- INFORMATION SHOWN -

══════

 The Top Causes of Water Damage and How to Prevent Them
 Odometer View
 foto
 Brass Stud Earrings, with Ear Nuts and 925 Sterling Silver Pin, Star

══════

- WHAT NEEDS TO BE DONE -
The answer is the line with "Odometer View" plus every line after it, printed exactly as they appear above.

- PROBLEM SOLUTION -
 Odometer View
 foto
 Brass Stud Earrings, with Ear Nuts and 925 Sterling Silver Pin, Star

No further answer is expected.